**WHAT TO PRODUCE**
Write out exactly the lines of the entries below from the one holding "100) Which of" to the one holding "Funny That Feeling", inclusive, and leave out all other lines.

**INPUT DATA**
-*-
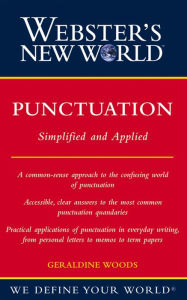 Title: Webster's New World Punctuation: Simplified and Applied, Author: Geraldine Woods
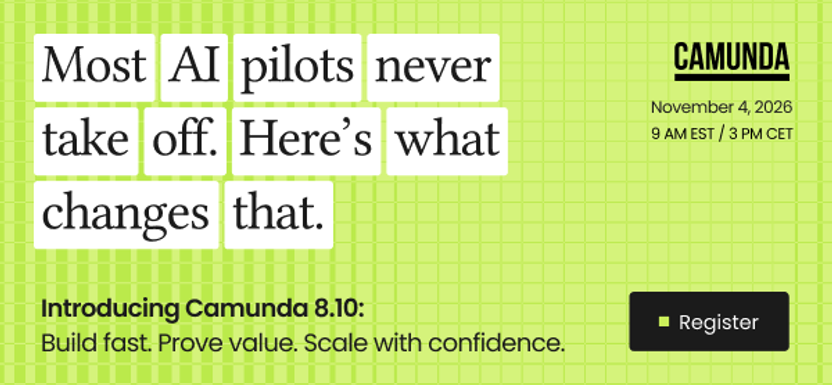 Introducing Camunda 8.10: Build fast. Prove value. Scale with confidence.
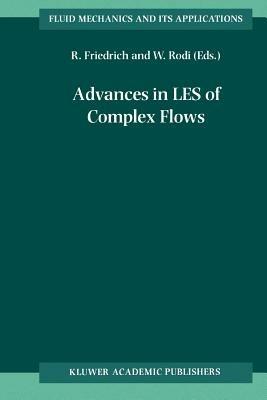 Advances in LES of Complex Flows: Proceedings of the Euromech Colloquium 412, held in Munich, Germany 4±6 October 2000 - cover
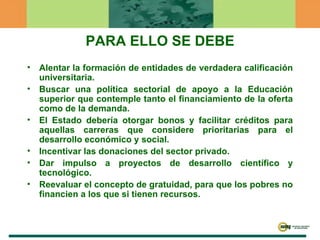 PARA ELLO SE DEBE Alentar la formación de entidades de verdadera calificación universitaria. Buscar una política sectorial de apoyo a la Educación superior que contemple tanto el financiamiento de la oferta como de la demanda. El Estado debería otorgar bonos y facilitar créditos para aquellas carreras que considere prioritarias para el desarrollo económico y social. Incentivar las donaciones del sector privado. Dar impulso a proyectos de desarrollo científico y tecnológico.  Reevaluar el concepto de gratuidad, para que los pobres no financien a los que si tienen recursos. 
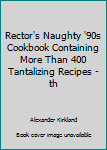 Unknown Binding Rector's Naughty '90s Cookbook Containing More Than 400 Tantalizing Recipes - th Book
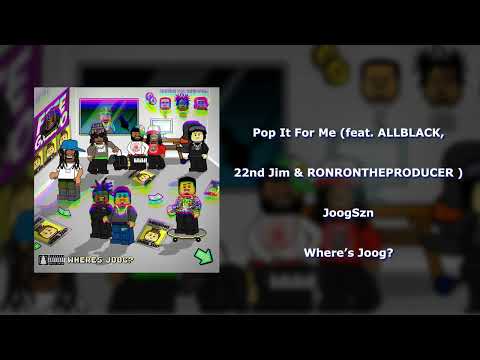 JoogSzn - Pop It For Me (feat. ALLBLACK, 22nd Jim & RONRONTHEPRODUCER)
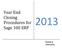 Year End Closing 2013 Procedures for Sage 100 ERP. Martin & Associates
-*-
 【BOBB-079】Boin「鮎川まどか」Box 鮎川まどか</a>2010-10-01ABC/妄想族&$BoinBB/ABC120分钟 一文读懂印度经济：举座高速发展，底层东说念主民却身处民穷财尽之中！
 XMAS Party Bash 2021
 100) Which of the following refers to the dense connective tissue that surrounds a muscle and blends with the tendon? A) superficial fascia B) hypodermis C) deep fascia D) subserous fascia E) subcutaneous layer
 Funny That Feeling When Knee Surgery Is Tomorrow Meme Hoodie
-*-
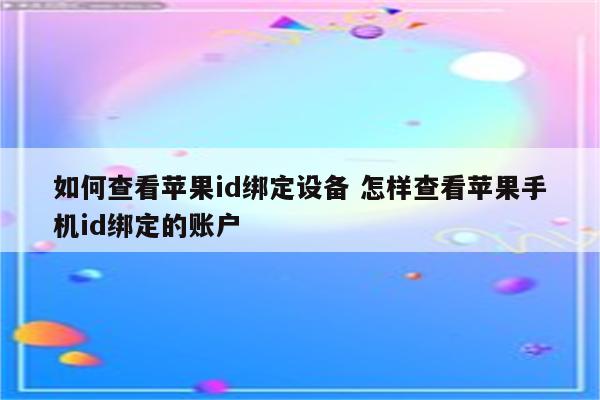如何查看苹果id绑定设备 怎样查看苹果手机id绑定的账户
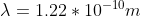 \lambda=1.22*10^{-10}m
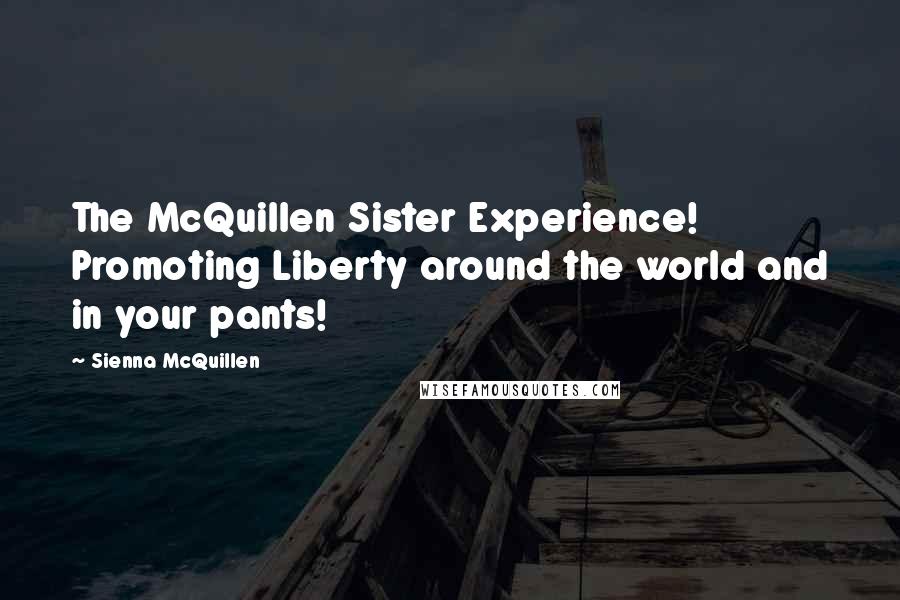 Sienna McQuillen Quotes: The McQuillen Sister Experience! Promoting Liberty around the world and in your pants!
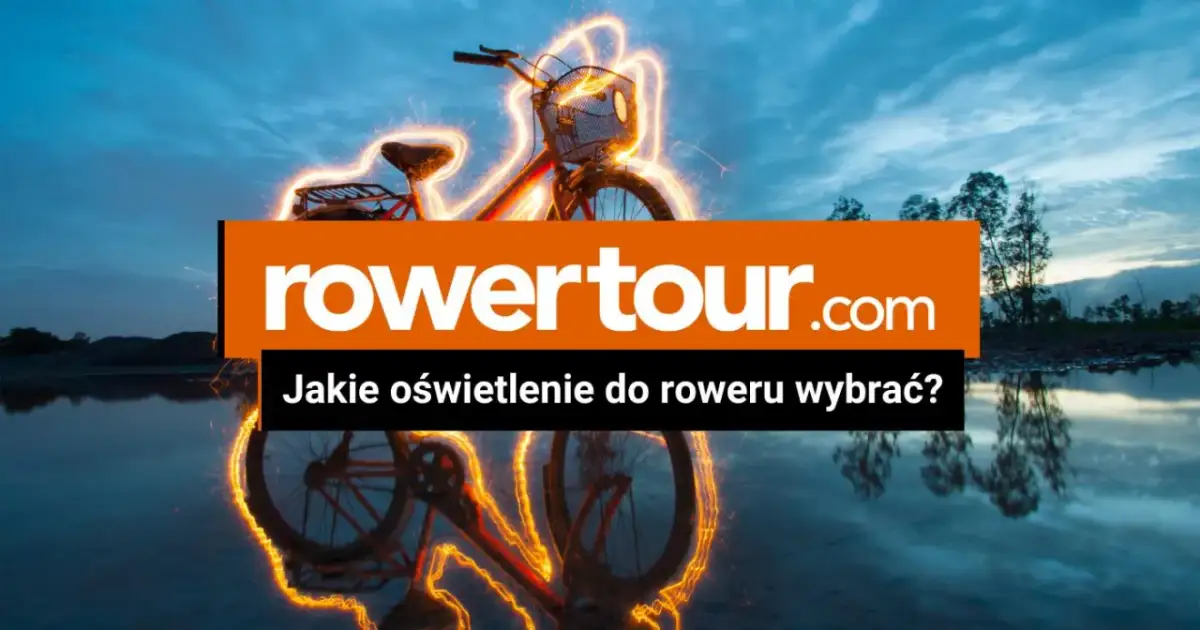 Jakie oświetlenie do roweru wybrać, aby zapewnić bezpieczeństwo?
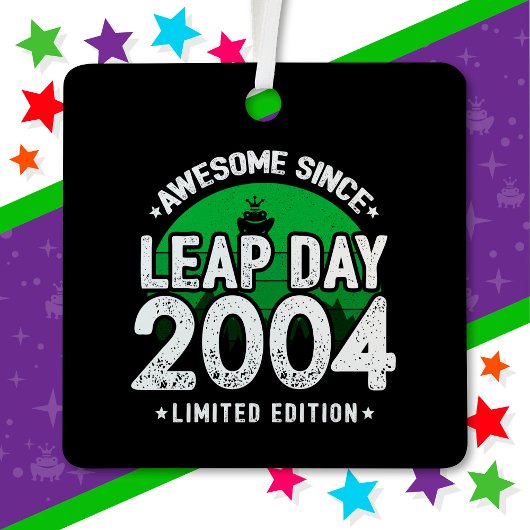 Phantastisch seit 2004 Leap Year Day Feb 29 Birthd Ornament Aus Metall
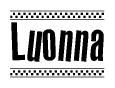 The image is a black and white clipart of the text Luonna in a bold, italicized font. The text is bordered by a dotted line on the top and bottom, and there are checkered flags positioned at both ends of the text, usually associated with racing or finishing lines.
-*-
**SOLUTION TO THIS TASK**
 100) Which of the following refers to the dense connective tissue that surrounds a muscle and blends with the tendon? A) superficial fascia B) hypodermis C) deep fascia D) subserous fascia E) subcutaneous layer
 Funny That Feeling When Knee Surgery Is Tomorrow Meme Hoodie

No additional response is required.